Furthermore, the power supply line 140 in the flexible substrate
160 is unlikely to receive radio waves radiated by the antenna
elements 121-1 and 121-2, and as a result, it is possible to hinder
secondary radiation by the power supply line 140.
[0057] When the joint is formed as the flexible substrate 160,
since the flexible substrate 160 is bent, stress may act on the
power supply line 140 at the flexible substrate 160. As in the
comparative example illustrated in FIGS. 6 and 7, when the power
supply line 140 is straight at the flexible substrate 160 and has a
shortest length, the stress caused by bending or stretching the
flexible substrate 160 tends to significantly affect the power
supply line 140. By contrast, as in the first embodiment, when at
least a part of the power supply line 140 is, for example, curved
at the flexible substrate 160, it is possible to achieve the effect
of reducing the stress caused by bending or stretching the flexible
substrate 160.
[0058] It should be noted that the shape of the power supply line
140 at the flexible substrate 160 is not limited to a complete
curve as illustrated in FIG. 3. For example, as illustrated in FIG.

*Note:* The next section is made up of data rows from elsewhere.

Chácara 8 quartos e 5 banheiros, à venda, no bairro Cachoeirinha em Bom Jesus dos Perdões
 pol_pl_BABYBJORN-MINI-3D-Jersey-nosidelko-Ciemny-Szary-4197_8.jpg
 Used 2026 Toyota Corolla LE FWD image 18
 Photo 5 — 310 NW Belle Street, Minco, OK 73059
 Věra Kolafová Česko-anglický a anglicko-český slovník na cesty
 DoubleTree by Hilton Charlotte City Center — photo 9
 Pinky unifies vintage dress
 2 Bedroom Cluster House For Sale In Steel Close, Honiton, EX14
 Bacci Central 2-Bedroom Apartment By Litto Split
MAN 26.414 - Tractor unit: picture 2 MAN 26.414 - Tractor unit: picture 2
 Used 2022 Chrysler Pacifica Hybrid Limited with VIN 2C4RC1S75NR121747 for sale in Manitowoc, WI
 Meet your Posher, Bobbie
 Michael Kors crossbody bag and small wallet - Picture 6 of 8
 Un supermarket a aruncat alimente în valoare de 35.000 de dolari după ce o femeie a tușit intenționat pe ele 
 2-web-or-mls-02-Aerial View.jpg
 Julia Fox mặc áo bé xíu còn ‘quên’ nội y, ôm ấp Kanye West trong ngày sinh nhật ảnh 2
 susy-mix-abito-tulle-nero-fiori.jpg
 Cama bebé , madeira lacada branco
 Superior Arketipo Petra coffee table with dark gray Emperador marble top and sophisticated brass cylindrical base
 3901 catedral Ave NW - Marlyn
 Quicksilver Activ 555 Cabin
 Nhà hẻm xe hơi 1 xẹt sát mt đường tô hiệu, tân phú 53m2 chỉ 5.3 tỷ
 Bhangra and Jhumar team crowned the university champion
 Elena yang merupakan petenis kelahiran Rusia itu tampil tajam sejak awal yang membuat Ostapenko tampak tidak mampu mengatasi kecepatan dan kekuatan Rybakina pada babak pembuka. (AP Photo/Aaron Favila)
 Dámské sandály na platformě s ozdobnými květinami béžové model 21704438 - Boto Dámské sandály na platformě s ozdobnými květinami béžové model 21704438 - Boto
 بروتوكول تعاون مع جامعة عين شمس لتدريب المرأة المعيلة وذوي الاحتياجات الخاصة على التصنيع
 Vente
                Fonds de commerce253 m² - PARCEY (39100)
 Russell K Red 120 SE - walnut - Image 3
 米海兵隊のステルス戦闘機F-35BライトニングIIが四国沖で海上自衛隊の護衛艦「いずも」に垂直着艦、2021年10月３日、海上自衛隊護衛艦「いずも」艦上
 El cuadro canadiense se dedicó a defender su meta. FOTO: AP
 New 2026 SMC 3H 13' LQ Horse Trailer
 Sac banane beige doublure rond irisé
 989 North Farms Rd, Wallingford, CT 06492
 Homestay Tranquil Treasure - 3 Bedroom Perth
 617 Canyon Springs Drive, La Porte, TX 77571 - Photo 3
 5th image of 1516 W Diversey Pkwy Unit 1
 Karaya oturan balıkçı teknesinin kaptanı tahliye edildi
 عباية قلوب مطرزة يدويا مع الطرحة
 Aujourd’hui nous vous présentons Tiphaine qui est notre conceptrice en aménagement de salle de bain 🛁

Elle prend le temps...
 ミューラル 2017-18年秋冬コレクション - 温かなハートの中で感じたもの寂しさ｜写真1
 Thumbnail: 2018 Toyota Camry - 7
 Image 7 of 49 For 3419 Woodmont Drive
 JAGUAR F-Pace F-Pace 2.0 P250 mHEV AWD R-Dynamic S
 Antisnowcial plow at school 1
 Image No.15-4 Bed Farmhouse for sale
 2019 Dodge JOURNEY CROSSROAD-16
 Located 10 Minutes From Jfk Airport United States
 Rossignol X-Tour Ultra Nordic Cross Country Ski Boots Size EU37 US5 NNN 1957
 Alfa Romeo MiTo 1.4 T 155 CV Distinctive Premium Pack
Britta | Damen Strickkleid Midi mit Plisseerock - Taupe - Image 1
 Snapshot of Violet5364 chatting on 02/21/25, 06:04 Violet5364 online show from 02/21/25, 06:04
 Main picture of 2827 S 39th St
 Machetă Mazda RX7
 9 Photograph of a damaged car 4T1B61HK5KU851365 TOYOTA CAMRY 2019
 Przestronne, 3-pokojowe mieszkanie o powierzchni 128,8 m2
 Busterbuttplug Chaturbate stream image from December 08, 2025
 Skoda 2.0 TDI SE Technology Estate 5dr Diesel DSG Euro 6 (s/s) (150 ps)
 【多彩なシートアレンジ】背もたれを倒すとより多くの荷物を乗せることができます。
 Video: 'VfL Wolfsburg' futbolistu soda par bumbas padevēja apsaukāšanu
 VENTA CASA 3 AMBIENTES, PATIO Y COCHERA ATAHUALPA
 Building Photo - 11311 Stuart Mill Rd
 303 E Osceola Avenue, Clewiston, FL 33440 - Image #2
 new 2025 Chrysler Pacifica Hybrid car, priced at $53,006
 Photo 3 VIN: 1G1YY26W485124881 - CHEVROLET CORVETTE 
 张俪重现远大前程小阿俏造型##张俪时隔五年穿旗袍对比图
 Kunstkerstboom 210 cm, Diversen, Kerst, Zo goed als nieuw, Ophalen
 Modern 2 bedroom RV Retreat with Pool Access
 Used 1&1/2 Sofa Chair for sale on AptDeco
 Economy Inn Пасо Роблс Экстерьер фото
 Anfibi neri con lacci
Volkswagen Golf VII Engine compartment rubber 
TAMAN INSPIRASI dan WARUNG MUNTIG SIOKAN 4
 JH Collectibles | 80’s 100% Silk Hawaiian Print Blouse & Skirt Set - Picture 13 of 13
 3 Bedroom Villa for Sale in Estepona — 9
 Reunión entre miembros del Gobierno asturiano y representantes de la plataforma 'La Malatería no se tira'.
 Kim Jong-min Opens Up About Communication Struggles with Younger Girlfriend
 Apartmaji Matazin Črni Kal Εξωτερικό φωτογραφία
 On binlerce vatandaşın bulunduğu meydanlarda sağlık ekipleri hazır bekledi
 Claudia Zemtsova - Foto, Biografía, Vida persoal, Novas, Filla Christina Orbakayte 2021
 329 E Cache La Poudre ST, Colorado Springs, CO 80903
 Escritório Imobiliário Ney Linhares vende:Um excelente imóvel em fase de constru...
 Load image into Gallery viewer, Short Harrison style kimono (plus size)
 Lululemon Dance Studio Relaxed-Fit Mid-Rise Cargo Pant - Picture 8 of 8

8A, the power supply line 140 may be almost straight but inclined
at a particular angle in the direction from the dielectric
substrate 131 to the dielectric substrate 130.
[0059] In the example in FIG. 8B, the power supply line 140 at the
flexible substrate 160 is formed like a staircase; and thus, the
portion parallel to the polarization plane of radio waves radiated
by the antenna elements 121-1 and 121-2 and the portion
perpendicular to the polarization plane of radio waves radiated by
the antenna elements 121-1 and 121-2 appear in an alternating
manner. In the example in FIG. 8C, the power supply line 140 is
composed of the portion extending parallelly to the polarization
plane of radio waves radiated by the antenna elements 121-1 and
121-2 and the portion inclined with respect to the polarization
plane of radio waves radiated by the antenna elements 121-1 and
121-2.
[0060] In the examples illustrated in FIGS. 8(b) and 8(c), a
particular part of the power supply line 140 at the flexible
substrate 160 extends parallelly to the polarization plane of radio
waves radiated by the antenna elements 121-1 and 121-2. However,
when the length of the particular parallel part in each example is
shorter than 1/2 of the wave length of radiated radio waves, it is
possible to hinder the interference with the radio waves radiated
by the antenna elements 121-1 and 121-2 and the coupling between
the radio waves radiated by the antenna elements 121-1 and 121-2
and the radio waves radiated by the power supply line 140.
[0061] As described above, in the antenna module in which two
dielectric substrates having antenna elements are coupled to each
other by using the joint (flexible substrate), at least a part of
the power supply line formed at the flexible substrate is formed in
the direction crossing the polarization plane of radio waves
radiated by the antenna elements to which radio-frequency signals
are inputted through the power supply line, and as a result, it is
possible to reduce noise caused by radio waves radiated by the
power supply line.
Second Embodiment
[0062] The first embodiment described an example in which the
antenna element radiates radio waves of one polarization direction.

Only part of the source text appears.